The Hawks reached this revelation after watching the game tapes, which, presumably they had to put into slow motion to study. Those blurs turned out to be the Knicks. Asked for the key to changing the Atlanta fortunes, Wilkens said: “Play better defense. And that’s all that I’m telling you. The rest you have to watch for yourself tonight.”
Hey, you don’t get to be the winningest coach in NBA history without being able to put your finger on the pulse of the problem like that. Houston had 34 points and Sprewell 31 in the opener. If they went off again last night, the Hawks were going off the cliff.
The NBA’s fifth-best rebounding team got beat on the boards by eight in Game One. If that happened again, the track meet would resume, but only after the Knicks did a double take. They had every expectation that after a visit to the candy store in the opener, visits to the dentists would resume in Game 2.
“I really think the rest of the series will be more like what everybody thought coming in,” said Allan Houston.
The Hawks were bringing their screwdrivers with them last night, hoping the guy cast as the screw would not again be Steve Smith, their shooting guard who was in foul trouble the whole game. He still managed to get 25 points on 6-for-17 shooting, which tells you what the guy can do on a bad night, but not to Houston, Smith’s matchup who went off for 34.
“The coaches were not happy at all that he had to go to the bench, in the first part of the game and the third quarter, especially when we made that run,” said Mutombo. “The game was going our way. We were posting Steve and he got his fourth foul, that kind of [hurt] what we were doing out there. He’s our best shooter.
“Smitty got into foul trouble and [Houston and Sprewell] just ran on us. I can’t remember a game that a team scored 100 points against us, especially this year or the last two years.”

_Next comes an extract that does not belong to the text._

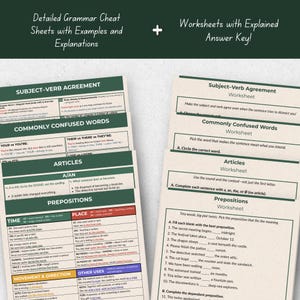 Detailed English Grammar Cheat Sheet Bundle | Explained Worksheets| English Learning| Printable Grammar Posters | ESL |Study Guide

His memory was as short as his arms as Houston and Sprewell got to the basket at will. “Whenever you shoot like we did, there are going to be less rebounds,” said Jeff Van Gundy. “The [40-32 Knick advantage] is a little bit skewed because of our shooting.”
Also, because of the absence of Alan Henderson with a damaged left eye socket. “Henderson obviously is a very good offensive rebounder,” said Van Gundy. “But [Grant] Long has played very well for them.”
Not on Tuesday night, when the hero of Game 5 of the Detroit series had zero points to go with his seven rebounds. Last night the Hawks needed a lot more from Long, better shooting and shot selection by Mookie Blaylock, plus a more responsive rotation by Wilkens.
The Atlanta coach did not start the third quarter with Chris Crawford, who had shot Atlanta back into the game in the second quarter, and kept Blaylock on the bench when the Hawks were making a belated run.
“Why would I change things in the middle of a run?” asked Wilkens.
To give columnists less to second-guess, that’s why. Mutombo, meanwhile, had 13 rebounds and two blocks that exaggerated his impact on a game in which Patrick Ewing barely played because of foul trouble.
“I must help my teammates set the tone from the beginning,” said Mutombo.
The Hawks, with no bench, had to go deep a different way, ready to rumble like the rumble in their big man’s throat.
“I have business to do,” said Mutombo, and it was urgent, or this series would be over for Atlanta almost before it began.